/DS5110

Repo for DS5110 : HWs ASSIGNMENTs

Primary LanguagePython

DS5110

hw-ncaa

  • NCAA student-athlete academic performance APR.
    • This page has links to data and documentation for the NCAA Academic Progress Rates (APRs) of student-athletes.
    • As of January 2023, the CSV for 2004-2019 was last updated in May 2020.
  • Each questions is worth 2.5 points.
  • Recommendations:
    • It's easiest to solve the entire assignment after first organizing the data into a long form (tidy) data structure as described in the Seaborn documentation.
    • Consider using the pandas.melt() method
    • You can answer Questions 1-3 by visualizing distributions with boxplots.
    • You can answer Questions 1 & 2 with one call (each) to seaborn. Question 3 may require 2.
    • Each questions is worth 2.5 points.
    • Although boxplots will serve the purpose of the assignment, you may find that another visualization tells the story particularly well. Feel free to use another approach if you like, just make sure to justify your choice. This is a rich dataset. Extra credit for creative EDA that extends beyond the requirements of the assignment.
  • Use git-intro as guidance for organizing your repo

Question 0

Implement the DRY principle by putting all your preprocessing into one or more functions that get used by each question below. Each question can be answered with one call to seaborn (except for the the last question, which can involve 2 calls). Each question should be answered with one file.

Document for reproducibility

Git clone "this repo" to your local file system, and open your terminal, run:

make answer

This command would run the main.py python file including Question1.py, Question.py, Question3.py all together.

And the generated figures would be saved in the 'figs' directory.

Reproducible results

After run the main.py on VSCode, you can see there are 4 png files in the current folder : Relplot_Question1.png(Visualization for question1),Boxplot_Question1.png(Visualization for question1),Boxplotplot_Questino2.png(Visualization for question2), boxplot_Questino3_female.png(Visualization for question3), boxplot_Question3_male(Visualization for question3)

Question 0

For the sake of DRY principle, the generation of plots for each questions are in Question1.py, Question2.py, Question3.py, respectively.

Question 1

As for question 1, I genarated 2 plots to analyze our data(boxlot and relplot)

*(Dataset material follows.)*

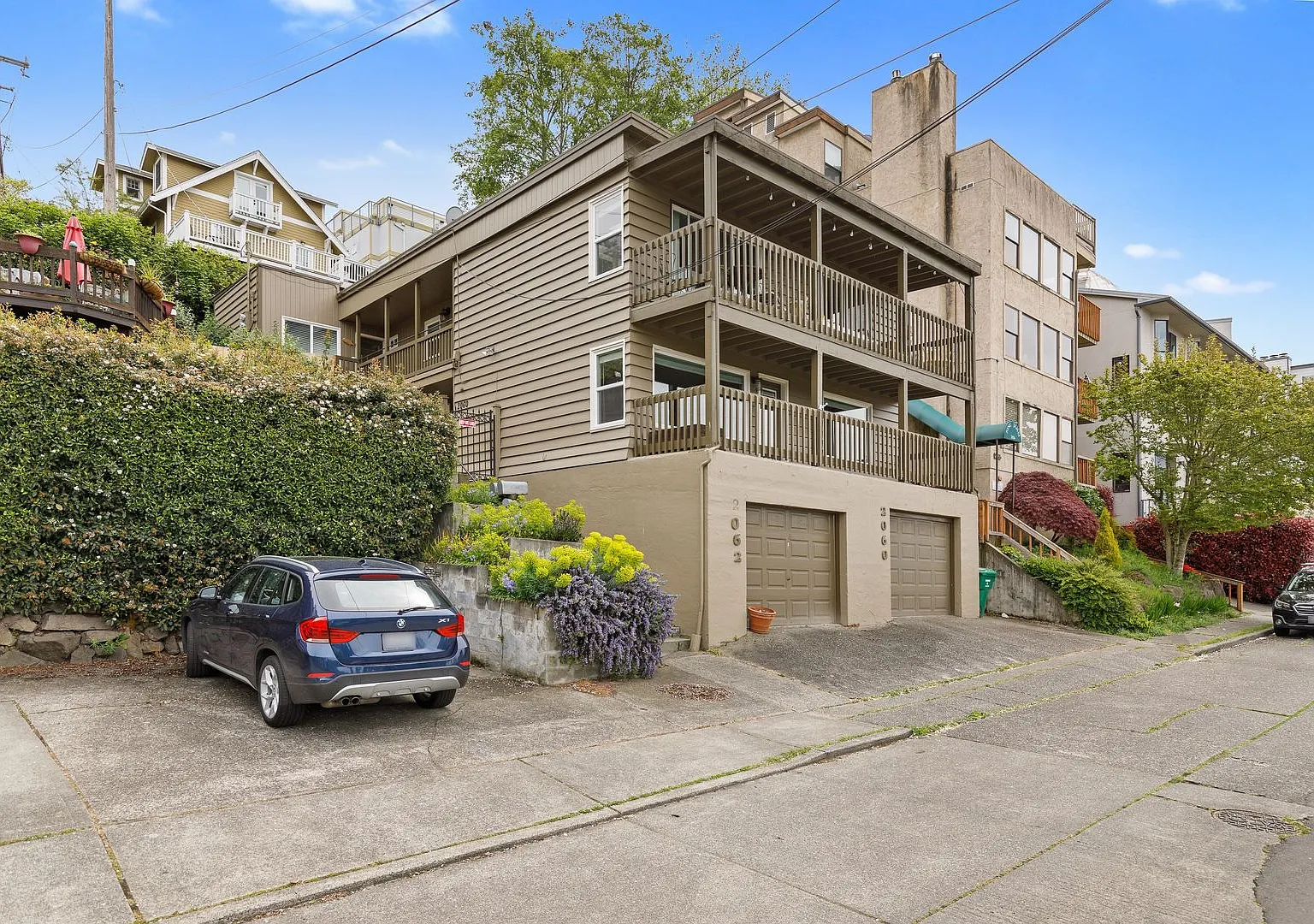 Queen Anne water view 3 bed 2 bath with den and 2 parking spaces — Photo 1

From the boxplot and relplot that we generated, we can see that the most outliers happenned from 2010 to 2012. This may be attributed to the Changes in the student-athlete population: The student-athlete population may have changed during this time period, for example, the institution may have started recruiting more student-athletes from underprivileged backgrounds or from less academically-prepared high schools. And the APRs from a wide range of institutions have gone up and only a few outliers were generated since 2012. To some extent, Improved compliance with NCAA policies(The NCAA may have increased its enforcement of APR regulations since 2012, which could have led to more teams achieving higher APR scores and fewer outliers on the boxplot) may be the cause of it. Also, we can note that the median of APR is gradually increasing over time. Here is a possible explanation: More resources for academic support: Many schools are providing more resources for academic support for student-athletes, suh as tutoring, study halls, and academic advisors. This increased support could be contributing to higher median APR scores.

Question 2

I used boxplot() to analyze question 2, which seems more straightforward.

From the boxplot, we can safely reach the conclusion that APRs of all genders are gradually increasing. From my point of view, One possible reason for the gradual increase in APRs in NCAA sports of all genders from 2004 to 2019 could be the increased emphasis and focus on academic performance and accountability within college sports programs. The NCAA introduced the APR in 2004 as a way to measure the academic progress and success of student-athletes, and since then, many schools and programs have implemented stricter academic policies and initiatives to improve their APR scores. Additionally, the NCAA has implemented penalties for teams with low APR scores, which may have also motivated schools to prioritize academics more. Another possible reason could be the increased focus on student-athlete welfare and well-being, which includes academic success as a key component.

In addition, the median of famale's APRs is always higher than that of Male's, which indicate the differences in sport distribution: The distribution of sports between male and female student-athletes is not equal, and some sports may be more academically demanding than others. For example, female student-athletes may be more likely to participate in sports that have a greater emphasis on academic performance, such as gymnastics, while male student-athletes may be more likely to participate in sports that are more physically demanding, such as football or basketball.

Question3

I used boxplot() to analyze question 3, which seems more straightforward.

  • Male:

In general, APRs of Men's sports are going up chronologically. And APRs of Men's basketball are not clustered compared to other sports. One possible reason is that basketball is one of the most popular sports in the states and hence more athletes are involved which gives a rise to the clustered APRs. And also, we can find that APRs of Men's swimming are clusterred on the chart, showing relatively higher performance. One possible explanation could be that there is a relatively small number of teams and/or a high degree of consistency in performance among those teams.
  • Female:

In general, APRs of Men's sports are going up chronologically. Women's bowling has a wide range of scattering on the plot. This could be due to factors such as the level of resources available to the teams, the academic support provided to the student-athletes, or the overall academic performance of the student-athletes on the teams.